(Excerpts from the Chapter 11 “North Arakan and the Refounding of the Old Town 1944-1945” of Robert Mole’s book titled “The Temple Bells are Calling” a personal record of the last years of British rule in Burma, 1944-1948.)
We travelled by road from Palasbari over the Khasi Hills, through the Assam capital of Shillong, and down again into the heat of the plains to Sylhet, where we boarded the train for Chittagong. We arrived the next day and spent the night in an army rest camp.
There was an office of the Civil Affairs supplies branch in Chittagong, which provided a truck to take us on to Bawli Bazaar, the headquarters of the Military Administration in North Arakanand some one hundred miles distant. We arrived in the late afternoon of the 30th April (1944).

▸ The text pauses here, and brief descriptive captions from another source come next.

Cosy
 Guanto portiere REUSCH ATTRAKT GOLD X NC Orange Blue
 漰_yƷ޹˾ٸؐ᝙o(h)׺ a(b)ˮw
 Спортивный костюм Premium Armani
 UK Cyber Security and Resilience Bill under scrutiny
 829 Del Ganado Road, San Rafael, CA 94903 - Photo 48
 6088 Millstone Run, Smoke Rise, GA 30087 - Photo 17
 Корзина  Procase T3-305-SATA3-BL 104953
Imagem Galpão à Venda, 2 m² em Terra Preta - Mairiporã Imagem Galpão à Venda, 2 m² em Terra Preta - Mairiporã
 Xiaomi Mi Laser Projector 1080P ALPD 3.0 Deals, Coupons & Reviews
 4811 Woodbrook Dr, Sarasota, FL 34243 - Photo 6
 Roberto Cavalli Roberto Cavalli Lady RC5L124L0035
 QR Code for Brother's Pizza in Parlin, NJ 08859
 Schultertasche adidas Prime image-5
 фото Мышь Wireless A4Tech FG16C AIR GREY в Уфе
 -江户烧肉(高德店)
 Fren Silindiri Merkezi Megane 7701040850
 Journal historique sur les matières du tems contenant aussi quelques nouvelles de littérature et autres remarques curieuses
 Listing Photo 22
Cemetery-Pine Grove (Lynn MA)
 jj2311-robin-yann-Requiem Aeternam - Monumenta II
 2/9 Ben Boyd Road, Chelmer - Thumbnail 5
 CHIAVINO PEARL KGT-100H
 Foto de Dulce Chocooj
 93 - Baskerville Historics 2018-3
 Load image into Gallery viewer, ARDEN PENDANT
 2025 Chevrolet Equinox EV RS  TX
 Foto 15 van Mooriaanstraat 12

The area which was at that time under British administration was a small portion of the extreme north of the Akyab District (official British title for the Arakan), consisting of little more than the two narrow and parallel valleys of the Pruma and Kalapanzin Rivers.
The Civil Affairs organization in North Arakan provided both territorial and formation CAOs (Civil Affairs Officers); there were no fewer than four divisions (British Indian Army) operating in the area, each with a CAO attached to it. Bawli Bazaar was a small village on the Pruma, which in peace time had been of absolutely no consequence.